Your question involves arbitrary parameters $a, b, c \in \mathbf Z$, so the desired cyclicity does certainly not hold in general, as pointed out by @Dietrich Burde. I outline here a systematic - one could say algorithmic - study which involves easy but cumbersome calculations, so I suggest that you take a particular example (see e.g. Galois Group of $\sqrt{2+\sqrt{2}}$ over $\mathbb{Q}$) and check at every stage to have an idea of the method. Let $\alpha$ be as you say, and $K=\mathbf Q(\alpha)$. You want to show that $K/\mathbf Q$ is cyclic of degree 4. Proceed step by step:
1) It is clear that $K$ contains $L=\mathbf Q (\sqrt c)$ and $L=K(\sqrt\beta)$, with $\beta=a+b\sqrt c \in L$. In order that $[K:\mathbf Q]=4$, the two intermediate extensions must be quadratic, so you must check first that $c$ is not a square in $\mathbf Q^*$, then $\beta$ is not a square in $L^*$ (by identification)

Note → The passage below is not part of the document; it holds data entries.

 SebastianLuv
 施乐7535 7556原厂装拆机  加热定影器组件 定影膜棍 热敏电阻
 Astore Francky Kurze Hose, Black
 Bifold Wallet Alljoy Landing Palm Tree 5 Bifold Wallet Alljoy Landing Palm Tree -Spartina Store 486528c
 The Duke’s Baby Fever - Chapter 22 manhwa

2) Once you have checked 1), i.e. that $[K:\mathbf Q]=4$, there is a general procedure for showing that $K/\mathbf Q$ is Galois. Denote by $\sigma$ the $\mathbf Q$-automorphism of $L$ sending $\sqrt c$ to $-\sqrt c$. Then (easy Galois exercise) $K/\mathbf Q$ is Galois iff $\sigma(\beta) /\beta$ is a square in $L^*$ (check by identification)

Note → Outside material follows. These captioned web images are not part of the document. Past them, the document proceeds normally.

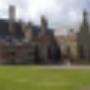 Radboud Kasteel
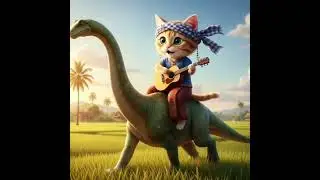 cute cat and dog video 🐶🐈#cat #cute #funnyanimals #anime#song 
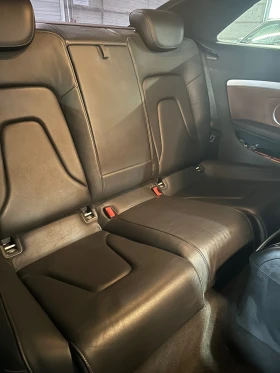 Audi A5 3.0 quattro - 14500 лв. / 7413.73 € - 56152005 14 | Car24.bg Audi A5 3.0 quattro - 14500 лв. / 7413.73 € - 56152005 14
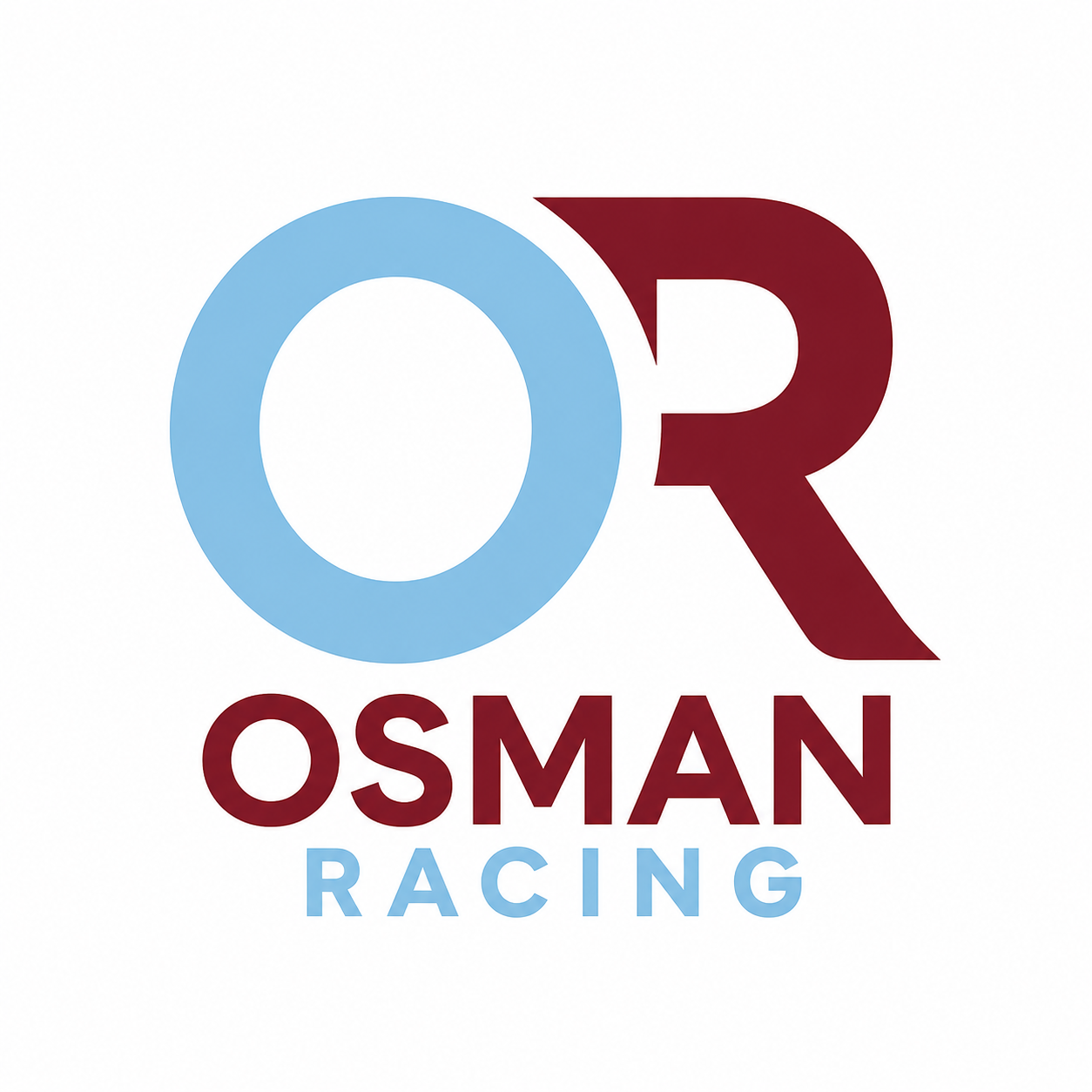 Osman Racing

3) Following 2), we know now that $K/\mathbf Q$ is Galois of degree 4. But a group $G$ of order 4 is abelian, bicyclic of type (2, 2) or cyclic of order 4. By Galois theory, $G$ is bicyclic iff $K$ is of the form $\mathbf Q (c, e)$, with $e\in \mathbf Q^*$ but $e\notin \mathbf Q^{*2}$ and $ec^-1\notin \mathbf Q^{*2}$, which amounts to (easy Galois exercise) $\beta$ satisfying $\beta e^{-1}\in L^{*2}$ (really tedious checking). Discard that case, and you get that $K/\mathbf Q$ is cyclic
3b) There is a less tedious way than the last part of 3). Following 2), we have checked that $\sigma(\beta) /\beta=x^2$, with $x\in L^*$. It follows that $N(x^2) =1$, or $N(x)=\pm 1$, where $N$ denotes the norm of $L/\mathbf Q$. Then $K/\mathbf Q$ is cyclic iff $N(x)=- 1$ (not difficult Galois exercise) ./.